THE TASK: Return the listing below exactly. Leave its pictures out.

RECORDED DATA:
# # #

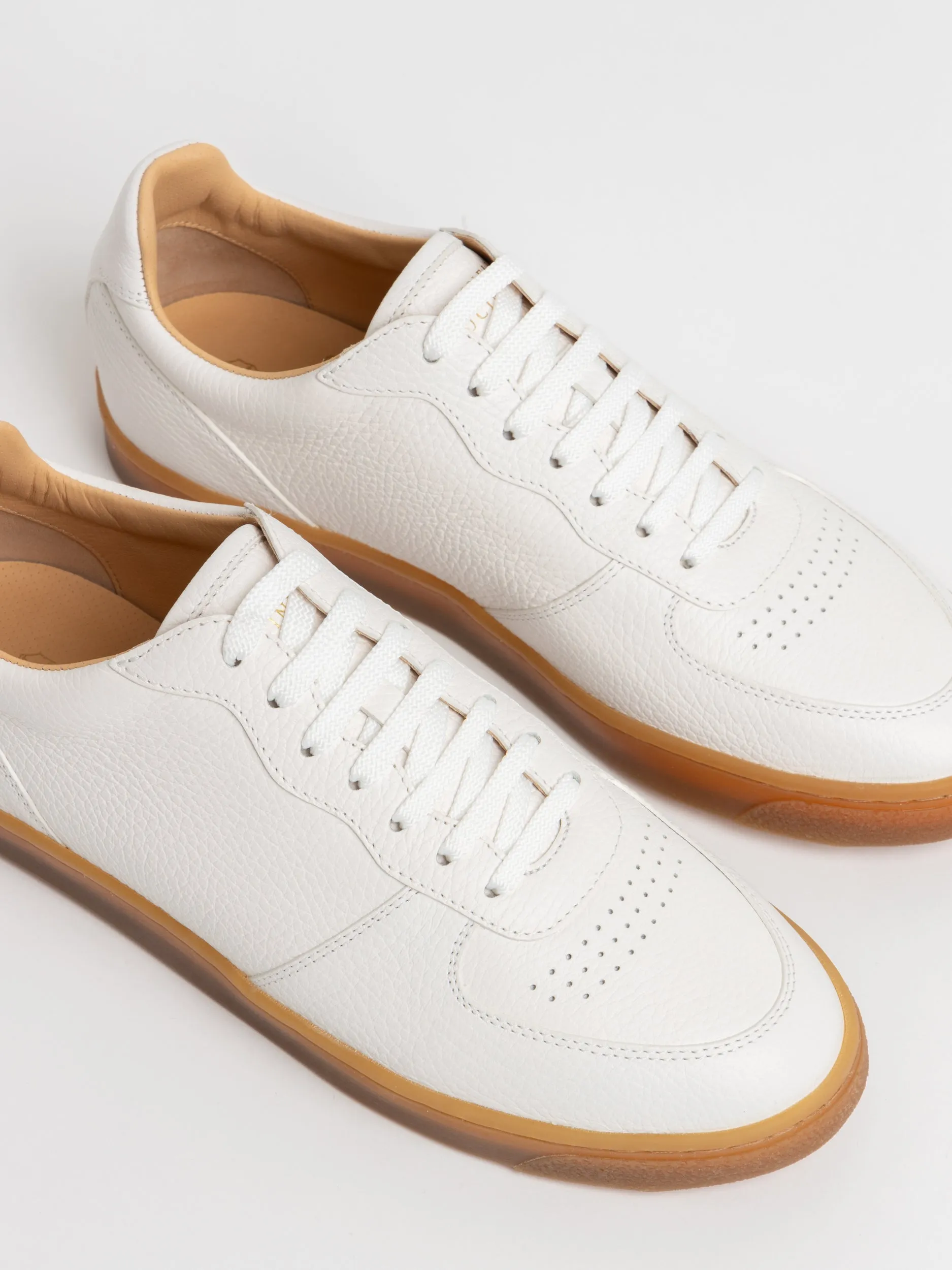 Brunello Cucinelli White/Tan Deerskin Sneakers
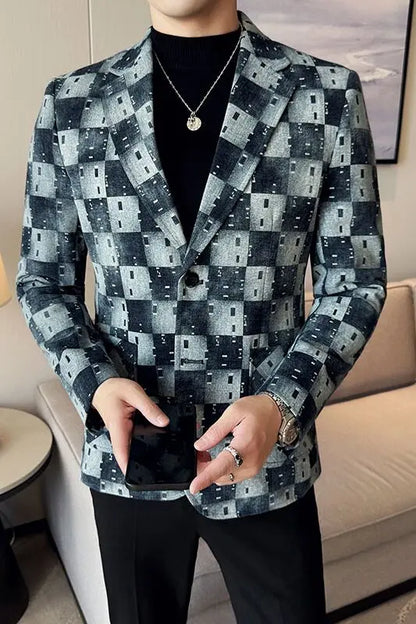 Korean Jacquard Denim Jacket for Men Autumn Winter Casual Business Men Blazers Slim Fit Wedding Social Dress Coat Men Clothing
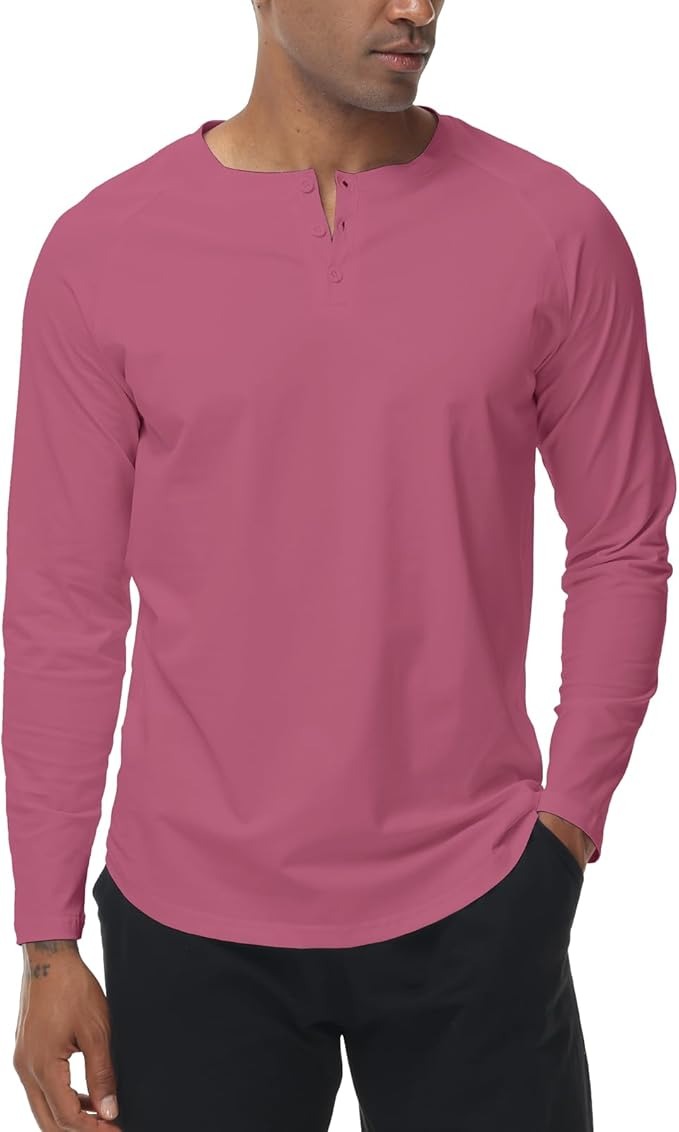 Tricou barbati XYKJFIT, marimea L, bumbac, maneca lunga, slim fit, respirabil, culoare roz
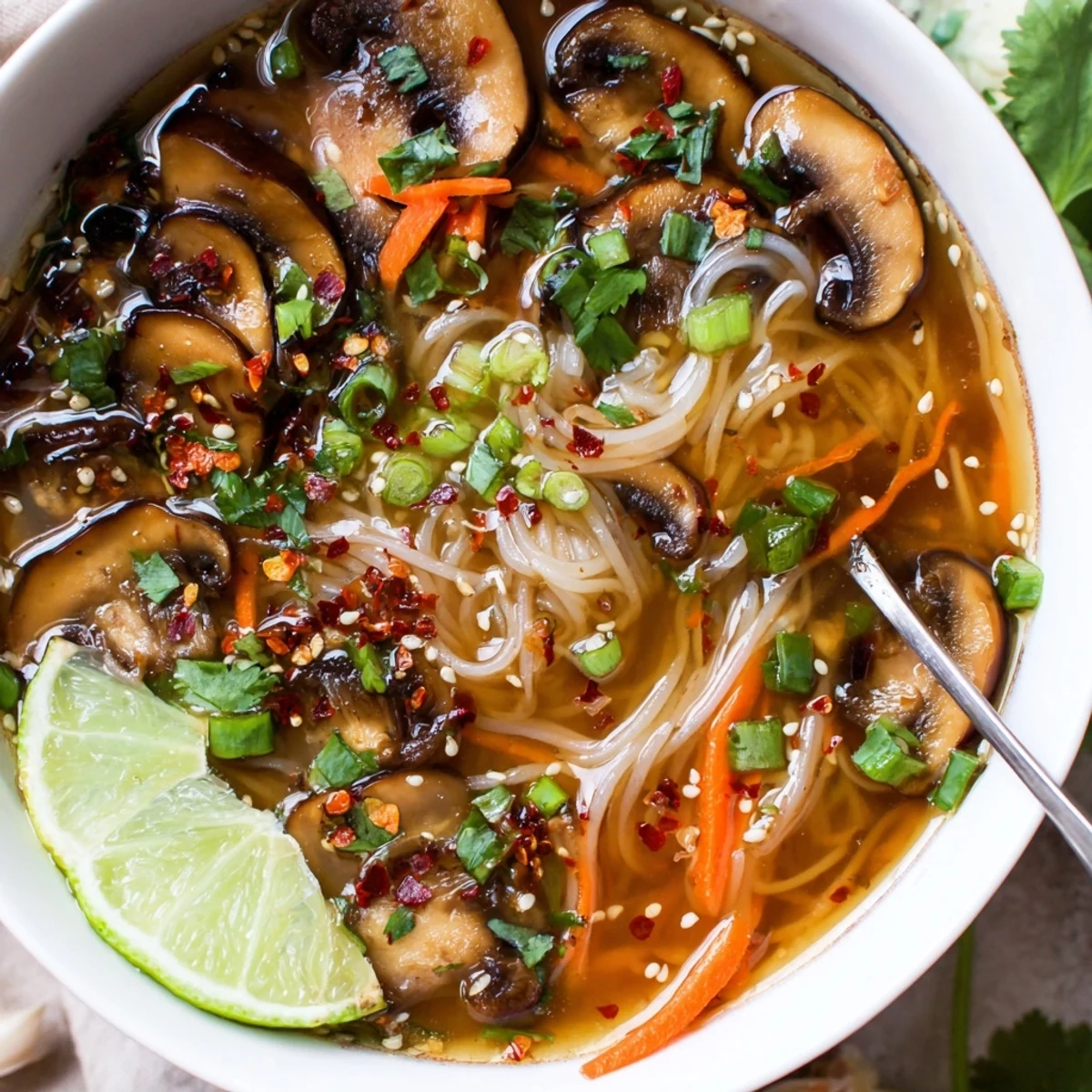 Steaming bowl of Cozy Ginger Garlic Mushroom Noodle Soup with lime wedge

# # #

RESULT OF THE EXERCISE:
 Brunello Cucinelli White/Tan Deerskin Sneakers
 Korean Jacquard Denim Jacket for Men Autumn Winter Casual Business Men Blazers Slim Fit Wedding Social Dress Coat Men Clothing
 Tricou barbati XYKJFIT, marimea L, bumbac, maneca lunga, slim fit, respirabil, culoare roz
 Steaming bowl of Cozy Ginger Garlic Mushroom Noodle Soup with lime wedge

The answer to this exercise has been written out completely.